Tenho uma enorme dificuldade em descrever um rosto. A cada tentativa saio frustrada, tendo escrito pouco ou nada. Mesmo esse pouco, arrancado com sorte e a ferros, nada revela sobre aquele rosto em particular, nem sobre as suas milimétricas manifestações. Não estou bem de outra maneira senão a escrever e, no entanto, não sou prolixa, eis a grande contradição da minha vida. Pelo contrário, em A Contraluz, Rachel Cusk tem descrições de rostos admiráveis, com adjetivos e metáforas de toda a espécie:
"Há qualquer coisa de personagem de desenho animado na cara de Paniotis: tudo nela é exagerado, as maçãs do rosto são muito magras, a testa muito alta, as sobrancelhas projetando-se como pontos de exclamação, o cabelo voando em todas as direções, e por isso, quando olhamos para ele, temos a sensação curiosa de estarmos a olhar para uma ilustração do Paniotis e não para o próprio Paniotis. Mesmo quando está descontraído, ostenta a expressão de alguém a quem acabaram de contar alguma coisa extraordinária, ou de alguém que abriu uma porta e ficou muito surpreendido com aquilo que viu à sua frente. Os olhos, emoldurados pelo ricto desta expressão, são irrequietos e voláteis e muitas vezes ficam dramaticamente protuberantes, como se algum dia pudessem voar, abandonando de vez o seu rosto, perplexos com aquilo que testemunharam."
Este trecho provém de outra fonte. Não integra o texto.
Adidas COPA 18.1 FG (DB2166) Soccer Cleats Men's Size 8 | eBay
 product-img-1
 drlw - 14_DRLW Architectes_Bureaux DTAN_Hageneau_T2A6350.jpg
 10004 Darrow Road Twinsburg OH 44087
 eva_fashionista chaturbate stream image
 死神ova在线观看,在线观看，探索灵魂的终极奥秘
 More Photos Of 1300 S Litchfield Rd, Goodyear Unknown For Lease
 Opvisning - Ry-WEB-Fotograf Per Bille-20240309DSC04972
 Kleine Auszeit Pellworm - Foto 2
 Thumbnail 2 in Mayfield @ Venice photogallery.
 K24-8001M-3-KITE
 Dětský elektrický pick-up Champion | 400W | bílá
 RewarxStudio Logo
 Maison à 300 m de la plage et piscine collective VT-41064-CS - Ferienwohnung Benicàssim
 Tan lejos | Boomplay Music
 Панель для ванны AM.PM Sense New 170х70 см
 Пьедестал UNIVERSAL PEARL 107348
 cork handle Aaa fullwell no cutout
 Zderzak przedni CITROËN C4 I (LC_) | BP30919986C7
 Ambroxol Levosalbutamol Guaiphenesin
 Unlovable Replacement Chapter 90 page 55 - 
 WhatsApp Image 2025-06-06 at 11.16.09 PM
Há nestas descrições a frieza de quem os imagina, de quem os trabalha, de quem tem a capacidade de criar um mundo. Eu, que tenho a insignificante ambição de descrever este mundo, debato-me com a falta de memória e com os afetos que perturbam a emissão de sinal. A regra, porém, é a mesma: trabalhar, trabalhar, trabalhar. A realidade também é imaginada.